- Input for this task

/---

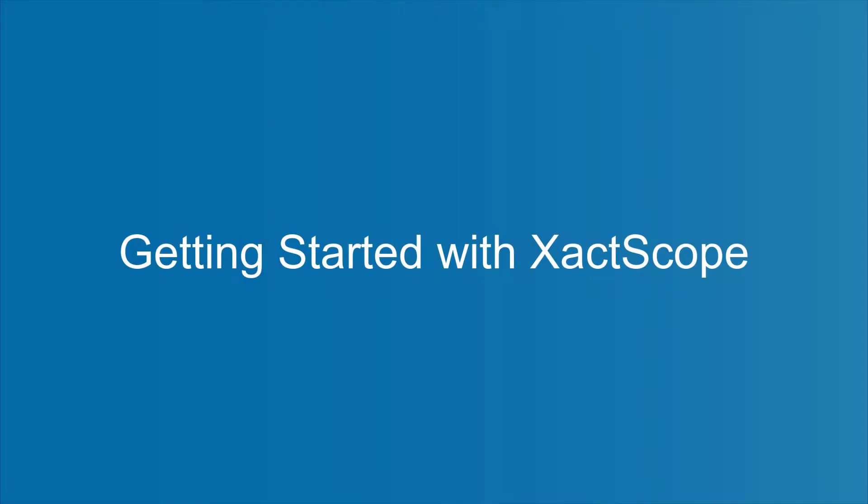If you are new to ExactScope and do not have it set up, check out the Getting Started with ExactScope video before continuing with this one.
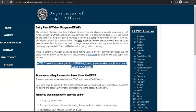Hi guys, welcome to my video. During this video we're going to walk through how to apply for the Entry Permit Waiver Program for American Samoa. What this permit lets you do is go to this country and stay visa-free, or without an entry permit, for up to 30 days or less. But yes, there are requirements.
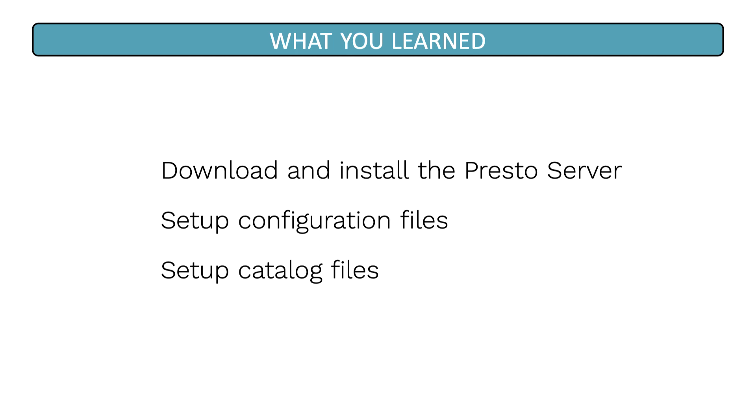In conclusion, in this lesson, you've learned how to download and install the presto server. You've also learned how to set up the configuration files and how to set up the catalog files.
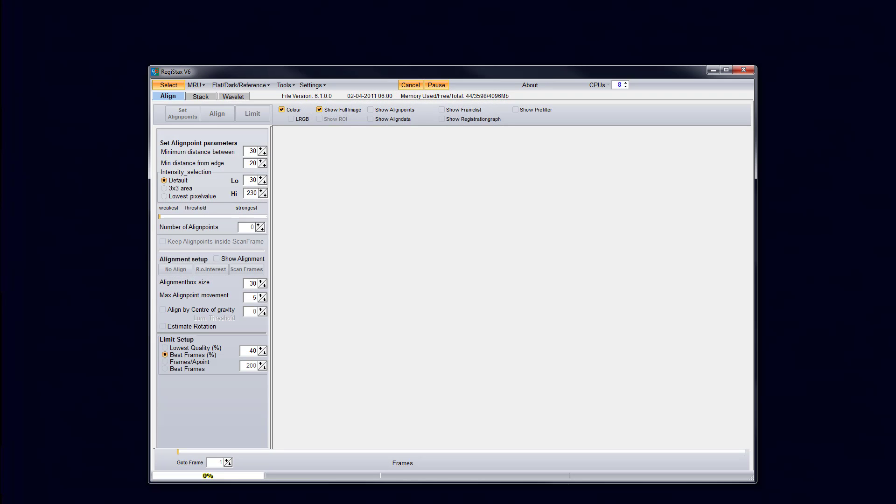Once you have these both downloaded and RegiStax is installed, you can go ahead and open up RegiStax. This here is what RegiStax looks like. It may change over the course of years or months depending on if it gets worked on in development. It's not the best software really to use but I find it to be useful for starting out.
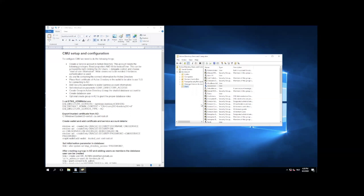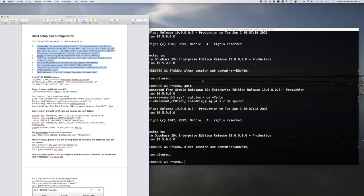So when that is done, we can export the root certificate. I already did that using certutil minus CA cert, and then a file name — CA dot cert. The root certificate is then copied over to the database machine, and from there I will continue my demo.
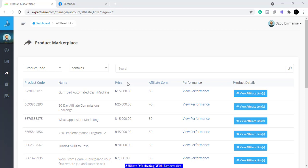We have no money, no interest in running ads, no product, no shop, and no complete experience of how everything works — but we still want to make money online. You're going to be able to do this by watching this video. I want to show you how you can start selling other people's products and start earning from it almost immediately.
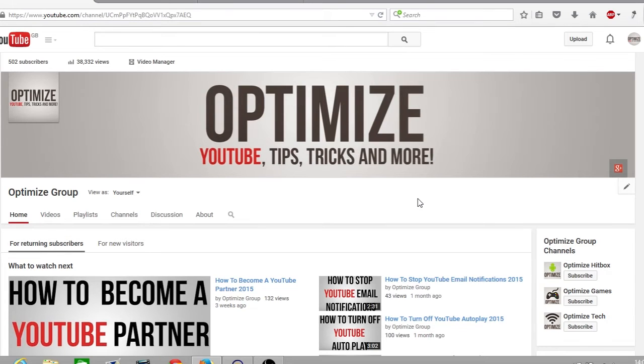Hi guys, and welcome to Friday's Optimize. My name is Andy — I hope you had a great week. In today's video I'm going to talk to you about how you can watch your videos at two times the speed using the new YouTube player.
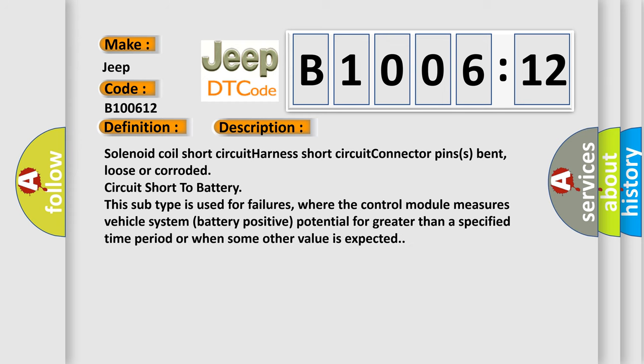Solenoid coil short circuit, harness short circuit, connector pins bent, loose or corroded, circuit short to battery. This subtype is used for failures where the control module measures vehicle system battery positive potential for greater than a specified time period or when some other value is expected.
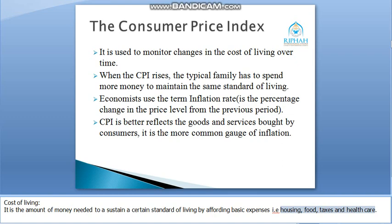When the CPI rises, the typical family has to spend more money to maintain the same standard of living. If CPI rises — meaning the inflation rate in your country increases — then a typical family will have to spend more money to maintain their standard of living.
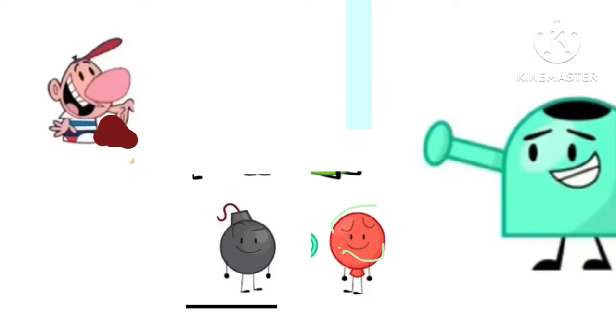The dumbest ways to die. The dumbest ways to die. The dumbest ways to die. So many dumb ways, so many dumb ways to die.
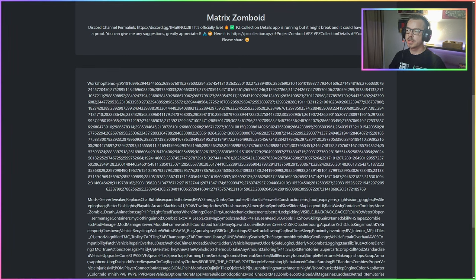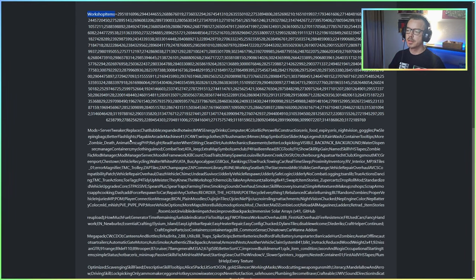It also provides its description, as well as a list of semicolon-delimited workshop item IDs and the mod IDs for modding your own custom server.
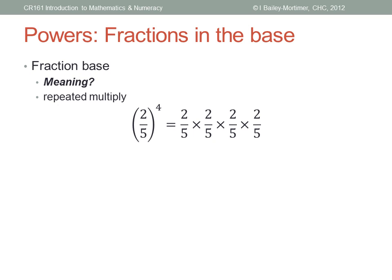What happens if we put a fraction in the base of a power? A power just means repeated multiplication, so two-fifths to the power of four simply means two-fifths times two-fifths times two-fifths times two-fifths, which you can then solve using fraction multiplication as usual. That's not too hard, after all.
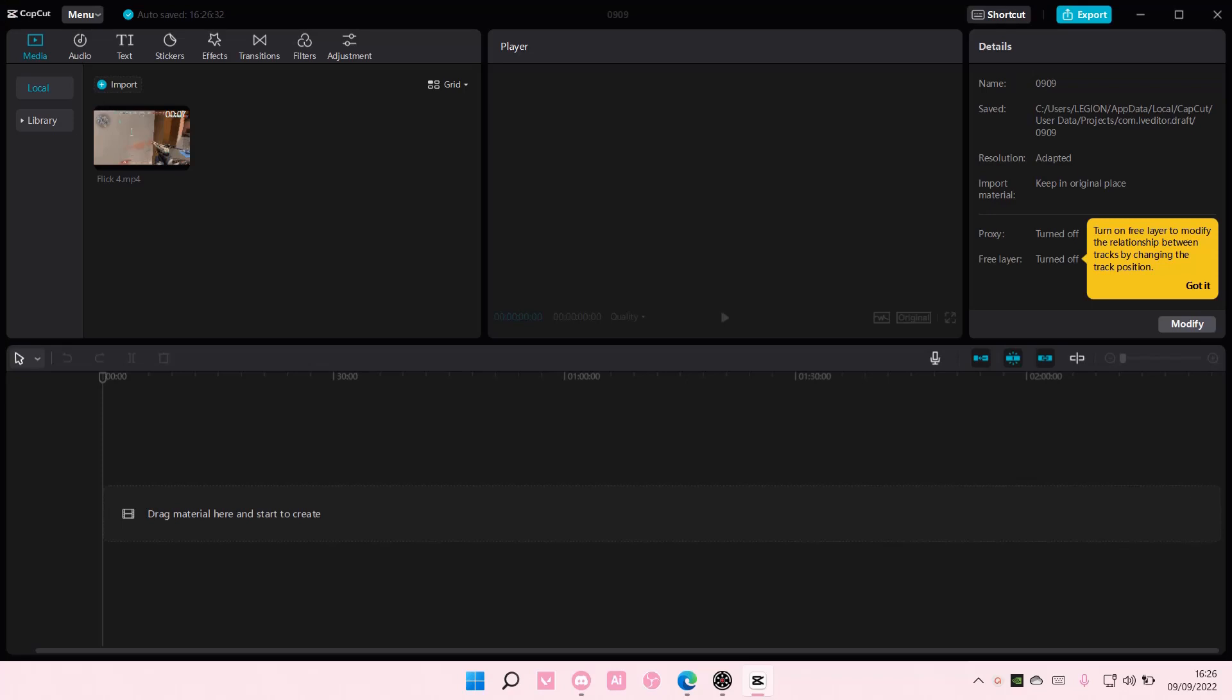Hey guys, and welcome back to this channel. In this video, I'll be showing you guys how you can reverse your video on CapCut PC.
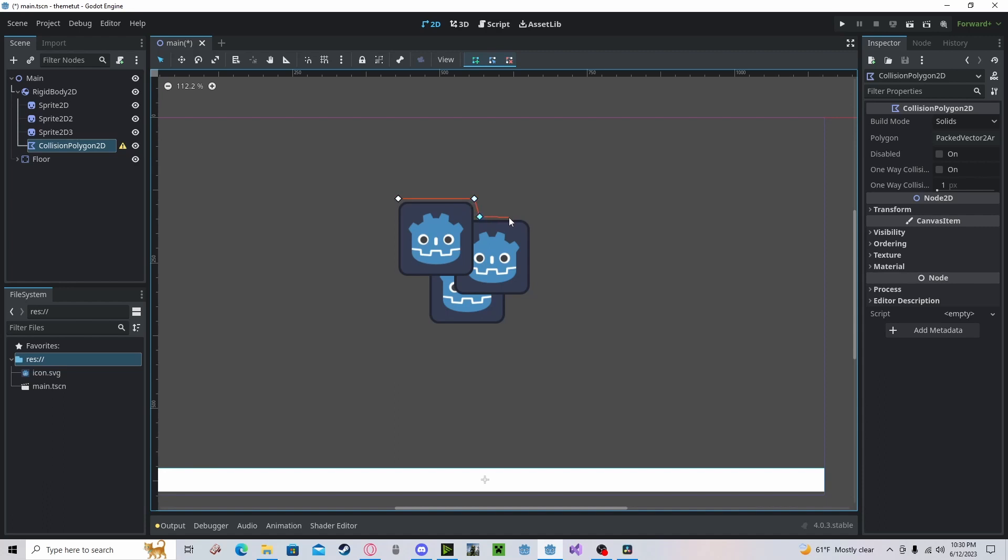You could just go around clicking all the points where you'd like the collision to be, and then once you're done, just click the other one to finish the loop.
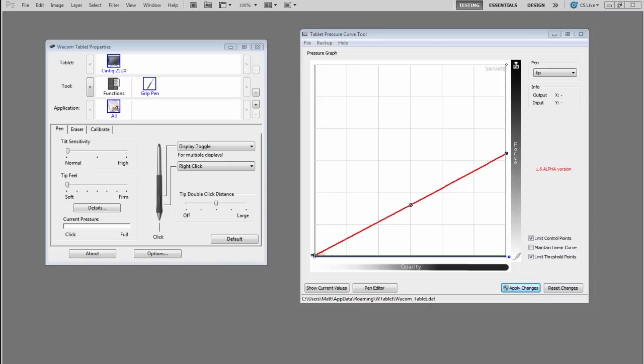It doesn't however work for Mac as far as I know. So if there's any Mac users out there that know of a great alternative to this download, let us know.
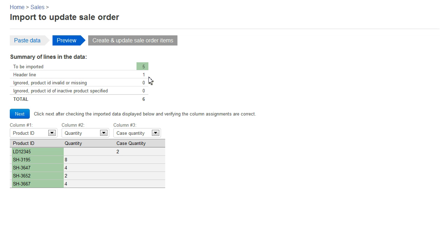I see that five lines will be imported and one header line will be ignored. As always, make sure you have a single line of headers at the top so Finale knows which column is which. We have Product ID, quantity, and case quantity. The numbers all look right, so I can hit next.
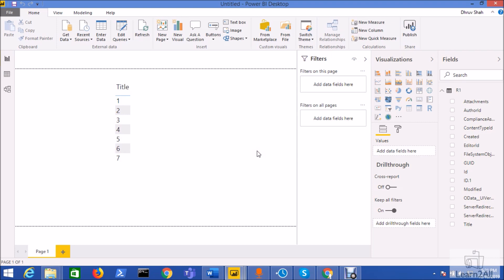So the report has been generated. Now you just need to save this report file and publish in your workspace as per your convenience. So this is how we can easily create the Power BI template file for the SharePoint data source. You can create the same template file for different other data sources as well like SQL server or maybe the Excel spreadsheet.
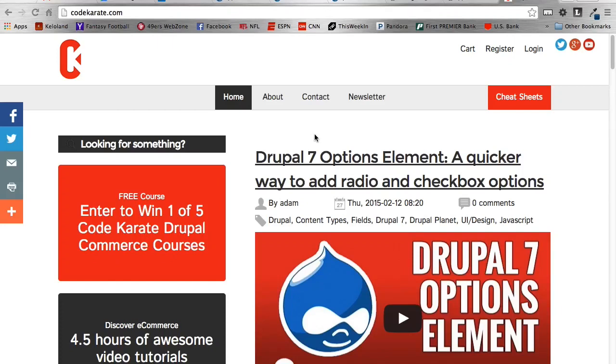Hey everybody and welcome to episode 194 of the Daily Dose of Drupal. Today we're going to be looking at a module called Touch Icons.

\---

- Brief
For this answer, return word for word the lines from the first line of the records through the line containing "In conclusion, in". Omit the pictures.

- Reply to the exercise
If you are new to ExactScope and do not have it set up, check out the Getting Started with ExactScope video before continuing with this one.
Hi guys, welcome to my video. During this video we're going to walk through how to apply for the Entry Permit Waiver Program for American Samoa. What this permit lets you do is go to this country and stay visa-free, or without an entry permit, for up to 30 days or less. But yes, there are requirements.
In conclusion, in this lesson, you've learned how to download and install the presto server. You've also learned how to set up the configuration files and how to set up the catalog files.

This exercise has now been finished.